Are the discussions ongoing? Are they passing the bong of possibility around the state Senate chambers? You're damn right they are. What's holding them back? Probably the usual: the negative PR, looking "soft" on crime, encouraging permissiveness, pressure from prison lobbies, and so on. Don't worry, Sacramento. Everyone's already plenty drunk/high on prescription meds trying to alleviate fears of losing their job to care about that nonsense right now. Get to it.
There won't be much pushback from D.C. President Obama's already stated that his upcoming appointee to head the DEA is going to knock it the hell off with the insidious raids of harmless medical pot shops in California, and wants to quit using federal resources to bash hippies and circumvent state laws.
Look. Is there really anyone left who doesn't already know the "War on Drugs" is a pathetic joke, an abject failure and a taxpayer nightmare, and the only reason it survives at all is to fund the CIA and fellate the prison guard unions and support a shameful prison system, and to let politicians say they're "tough on crime" so they can to deflect all those uninformed parents who relentlessly whine about pot in public schools just before dashing off a wine-tasting party to snort a nice line of Bolivian coke?
Anyone left, furthermore, who doesn't know that pot is far safer than booze, less addictive, nonviolent, more transportable, easier to light, and generally won't interfere with your ability to crawl across the carpet and lick cookie crumbs from your lover's thighs? And sure, while heavy, daily usage can make you slow and stupid and rather useless to the world, well, so can a six-pack of Diet Dr. Pepper and six hours of TV every day. Gateway drug? That's on Channel 2, right after "Oprah."

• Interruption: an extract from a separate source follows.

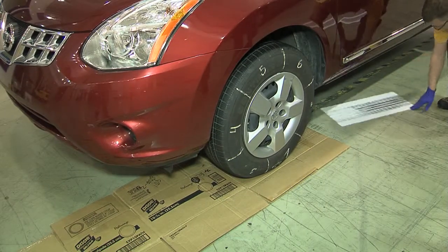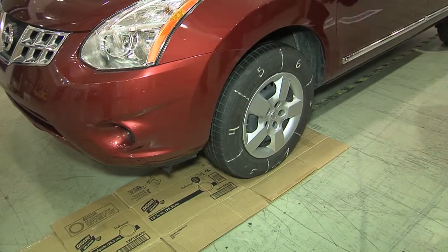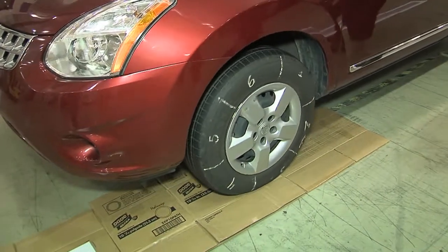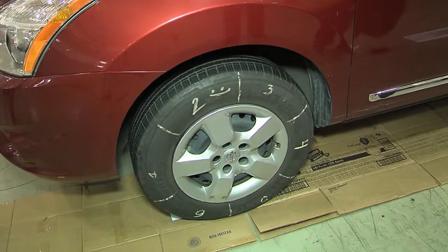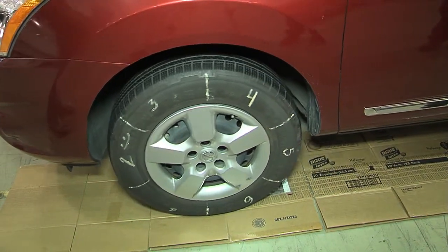Stop. There you go. Continue forward. We may end up having to flip these over and have to back up or get some more cardboard. Keep going. Keep going a little bit more.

And another thing. Maybe it wouldn't be merely tax 'n' puff. Maybe California, already the pot-growing capital of the nation, could become something more. A hub. A world-class research center. Pot education, study, medicine, import/export, the works. We could ship our crop to various nations in desperate need of chilling the hell out, like Israel. Palestine. Pakistan. Russia. The N-Judah on a Friday afternoon. We could become the largest research and manufacturing center in the world. How proud we would be. You know, sort of.

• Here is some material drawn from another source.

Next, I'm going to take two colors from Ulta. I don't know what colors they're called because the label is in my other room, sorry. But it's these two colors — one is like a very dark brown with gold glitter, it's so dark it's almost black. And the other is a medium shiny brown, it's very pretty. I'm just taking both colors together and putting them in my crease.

Let's phrase this grand scenario in another way: Why the hell not try it? What have we got to lose? What, we could go more broke? We could get more desperate and anxious? Fact is, economic nightmares need not breed only miserable stories of lost homes and lost jobs and shuttered businesses. They can also spawn creative solutions, innovative thinking, widespread munchies. Now is the time.

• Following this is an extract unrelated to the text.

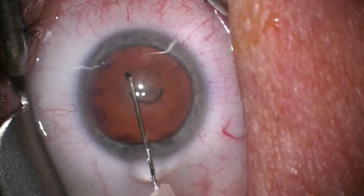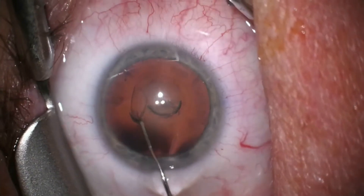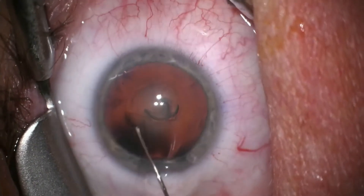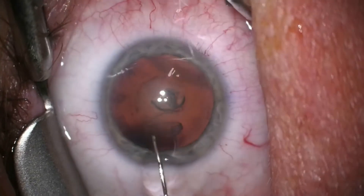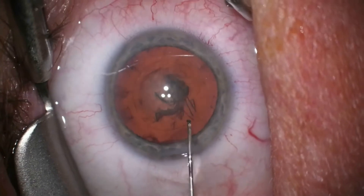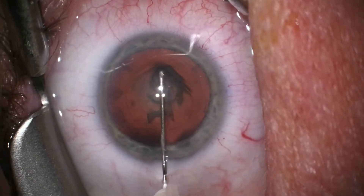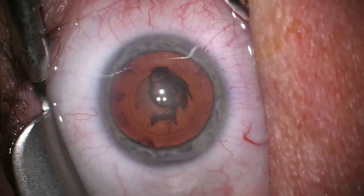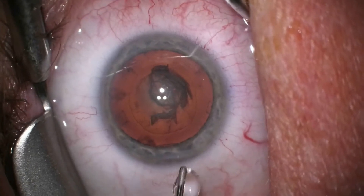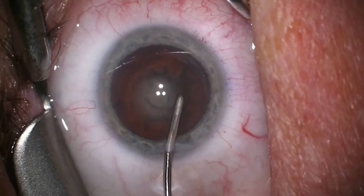Here you can observe me carefully making a circular opening in the front capsule of the cataract. The cataract consists of a harder nucleus and a softer peripheral material known as cortex. These are surrounded by a clear cellophane-like membrane known as the capsule. Our goal is to remove the nucleus and cortex while leaving this delicate capsular sac intact, which will later hold the lens implant.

Let's not get carried away. Pot's only one little inebriate, one mild and -- let's just admit it -- relatively boring feel-good plant. California is $40 billion in debt and we're running low on water and we can't give away those hideous tract developments out in Stockton. Milking the pot cow for all she's worth might net us, at best, a few billion a year. To get out of this massive hole, we'd have to legalize Ecstasy too. (Someday, honey, someday).
But it's something. It's radical new thinking that's not the slightest bit radical, or new, and in fact the notion is now even more obvious than it's been for the past 30 years. What are we waiting for? A match?